Help > Setting up the system > Solutions > Document specifications and related settings > Fields > Syntax for format strings in field specifications

Syntax for format strings in field specifications

This topic describes how to type format strings when:

Type the format string as accurately as possible. See the Important notes below regarding predefined sets, special occurrences, and examples of complex expressions.

Symbol

Represents

Description

{ }

Ranges

(The default setting is for a character/number to occur exactly once. Using { } creates a custom range.)

Examples: 0{5}, 0{1-5}

Meaning: A range with an exact number of occurrences {n} or a varied but limited number {n-m}

Possible matches: 00000 and 0, 00, 000, 0000, 00000 respectively

A

Uppercase alphabetic characters

(Predefined set)

Example: A{2-5}

Meaning: An alphabetic field containing 2 to 5 uppercase characters

Possible matches: AB, XYZ, ABDDE, etc.

a

Lowercase alphabetic characters

(Predefined set)

Example: a{1-3}

Meaning: An alphabetic field containing 1 to 3 lowercase characters

Possible matches: a, ab, abc, etc.

N or n

Numeric characters

(Predefined set)

Example: N{7}

Meaning: A numeric field containing any 7 digits

Possible matches: 1234567, 7123456, 3334447, etc.

O or o

Special characters corresponding to the language specification. Such characters could be ?, :, &, etc

(Predefined set)

Example: O N{2}

Meaning: A field containing 1 special character followed by any 2 numeric characters

Possible matches: $10, #99, %75, etc.

X or x

Alphanumeric characters and special characters such as #, >, etc

(Predefined set)

Example: X{5}

Meaning: A field containing five characters, each of which can be a lower or uppercase letter, a number, or a special character

Possible matches: ABc3D, #bD61, $1500, etc.

.

Any character except <space>

Example: .

Meaning: A decimal/period represents any character, except <space>

Possible matches: a, B, 3, $, !, <space>, etc.

\

Explicit characters

Examples: \a, \8, \?

Meaning: A backslash followed by any single character matches that exact character

Matches: a, 8 and ? respectively

' '

Explicit strings

Examples: 'The Total', 'date', ' '

Meaning: A string enclosed within single quotation marks matches that exact string (case sensitive)

Matches: The Total, date and <space> respectively

-

Specific characters to remove from the beginning or end of a string

Example: N{4} -'#'?

Meaning: The # character, if any, is removed when this four-digit field proceeds to output.

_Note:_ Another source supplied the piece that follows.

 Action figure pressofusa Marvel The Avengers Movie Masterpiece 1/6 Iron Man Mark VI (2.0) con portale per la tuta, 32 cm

Field value example: 1234#

Output: 1234

CaseIns

Case insensitive strings

Example: CaseIns'the needles'

Meaning: The "CaseIns" keyword, followed by a string enclosed with single quotation marks matches that exact string but is not case sensitive

Possible matches: The needles, THE Needles, tHe NEEdles, etc.

[ ]

A specified set or range

Examples: [139], [1-9]

Meaning: A field containing any single character from the set or range enclosed in brackets.

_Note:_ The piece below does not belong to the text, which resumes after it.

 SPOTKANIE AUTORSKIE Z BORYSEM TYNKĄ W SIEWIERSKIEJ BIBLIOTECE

Possible matches: 1, 3, 9, and 1, 2, 3, 4, 5, 6, 7, 8, 9 respectively

^

Complements to a set or range

Example: [^123]

Meaning: A field containing any single character not found in the set or range enclosed in brackets.

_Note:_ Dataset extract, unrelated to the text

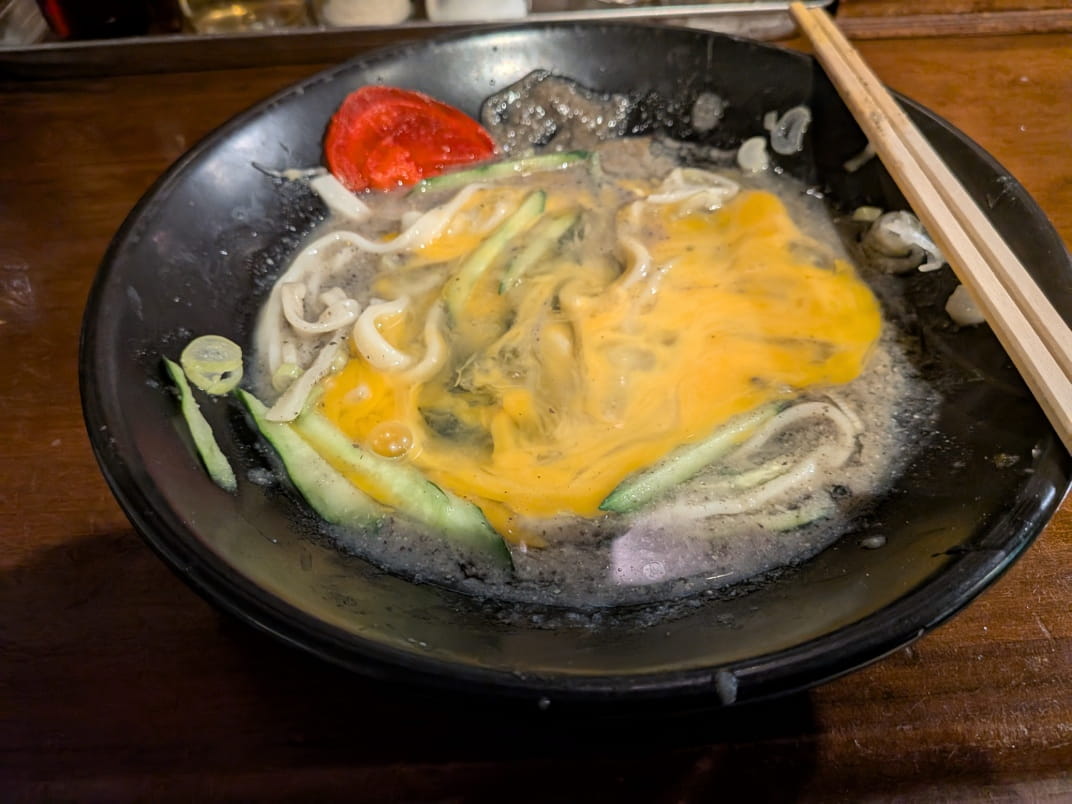 卵を割り入れた皿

Possible matches: 4, 5, 6, 7, ?, #, a, A, b, B etc.

*

A range of "zero to many" for the character or string specified

Examples: 'blah'*, 'Ch' \e* 'se'

Meaning: A field containing, in these examples, 0 to many of the string "blah" and 0 to many of the single character "e".

Possible matches: <empty>, blah, blahblah, blahblahblah and Chse, Chese, Cheese, Cheeese, etc.

?

Zero or one occurrences of the character or string specified

Example: 'cat' \s?

Meaning: A field containing one or no "s" after the specified string.

Possible matches: cat, cats

|

The expression "or", separating two elements or groups where one or the other is allowed

Example: (N{5} | N{10})

Meaning: The "or" operator is used to allow a field containing either five or ten digits

Possible matches: 00001, 12345, 0123456789, 1010101010, etc.

( )

A group of expressions

Example: ('one' | 'two') 'three'

Meaning: A field containing the character strings "one" or "two", and then "three"

Possible matches: one three, two three

Additional examples

Represents

Matches/Does not match

[1-5]N{3-11}

(4 to 12 numbers, where the first is in the range from 1-5)

Possible matches: 1111, 12345

Does not match: 65432122

[A-Z0-9]{3}N{7}

(10 characters where the first 3 are uppercase letters and numbers and the last 7 are numbers)

Possible matches: ABC123456, 1234567890

Does not match: ABCD123456

(X|’ ’){0-20}

Free text including spaces, 0-20 characters

Possible matches: t+2&G, 12aA 345

Does not match: 123456789012345678901

(N{4}\-\0[1-3]\-N{2}) | (N{2} ' ' CaseIns'january'| CaseIns'february'|CaseIns'March' ' ' N{4})

(Dates during the first three months of the year)

Possible matches: 1974-03-31, 31 March 1974, 2003-03-24, 23 March 2003

Does not match: 2001-09-11, 21-february-2002

Important notes

Characters belonging to a predefined set are determined by the language being used. This is particularly important to be aware of when you want to specify "special characters." For example, the backslash (\) character is not included in the Swedish language specification. Language specifications included in Capture Components Administration cannot be changed. However, you can create your own language specifications. Therefore, if you want to use a character that is not included in the default language specification for the language being used (for example the backslash in Swedish), you must create a new language specification which includes that character.

Failing to use a <space> between consecutive characters belonging to a predefined set results in the user receiving an error message. Examples.

Specific characters used in the syntax, which might actually occur in a field, can be included by a preceding "\". Thus, "\\" and "\?" include a backslash and a question mark respectively. Examples.

The format string (X|’ ’)* (any character including <space> occurring from 0 to many times) is the most universal format, placing no restrictions at all on the field value. All other format strings narrow down the possible set of values.